Once the separation is well established, there is one last step: the release of the film. And there, too, the fear was high. Critics are unanimous on the quality of the feature film. The proof, if necessary, his Jury Prize at the Deauville American Film Festival. “Deauville will always have a special place in my heart”, explains the actress.
She tells, quite moved, the Swedish premiere, where during the standing ovation out of a crowd of 700, she thought she was going to throw up on her producer’s feet, before crying and blackout. As if she refused to face success. No matter how closely she scrutinizes the number of entrances to theaters at home, this denial remains a protection like any other.
“To protect yourself, you imagine the worst by telling yourself that this is what is going to happen. So I thought to myself that I was going to suck, that people were going to hate the movie and that, worst case scenario, I was just going to find myself naked on the internet until the end of my life. And when I saw the movie, I was reassured that I was not that naked, that the concentration was not on my body and my game is not so bad [rires].”
To the point of saying to herself that she has indeed found her vocation. She who studied law economics, who worked at Zara, and who continues, when she is not making red carpets, to work in a sales company and to spend her days in front of Excel tables (“yeah, I like the numbers [rires]”), intends to drop everything for the game.
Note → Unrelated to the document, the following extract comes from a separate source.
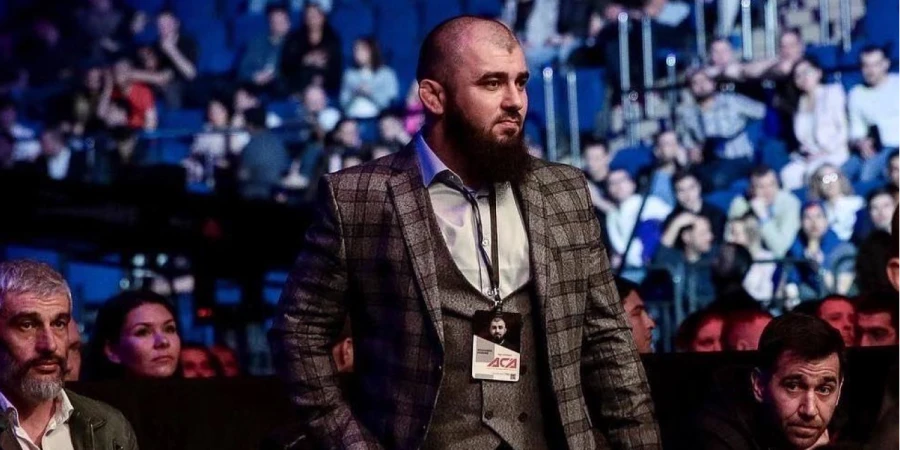 Глава АСА дал прогноз на бой Делла Маддалена — Пратес в UFC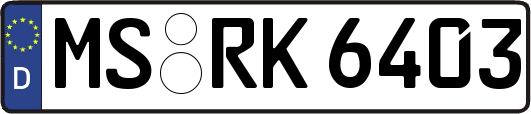 MS-RK6403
Besides, she has already played in two other projects. Very different projects, because they contain very written dialogues, where Pleasure was only 90% improvisation. But she is serene:
“At least thanks to ‘Pleasure’, I did the hard part: I have already done my first scenes of very hard emotions, improvisation, a very long project and my first sex scenes. The rest will be bound to be much simpler in comparison. “
With her American agent on the alert and her Swedish agent receiving many offers, one thing is certain: Sofia Kappel will make a name for herself. And she deserves it enormously.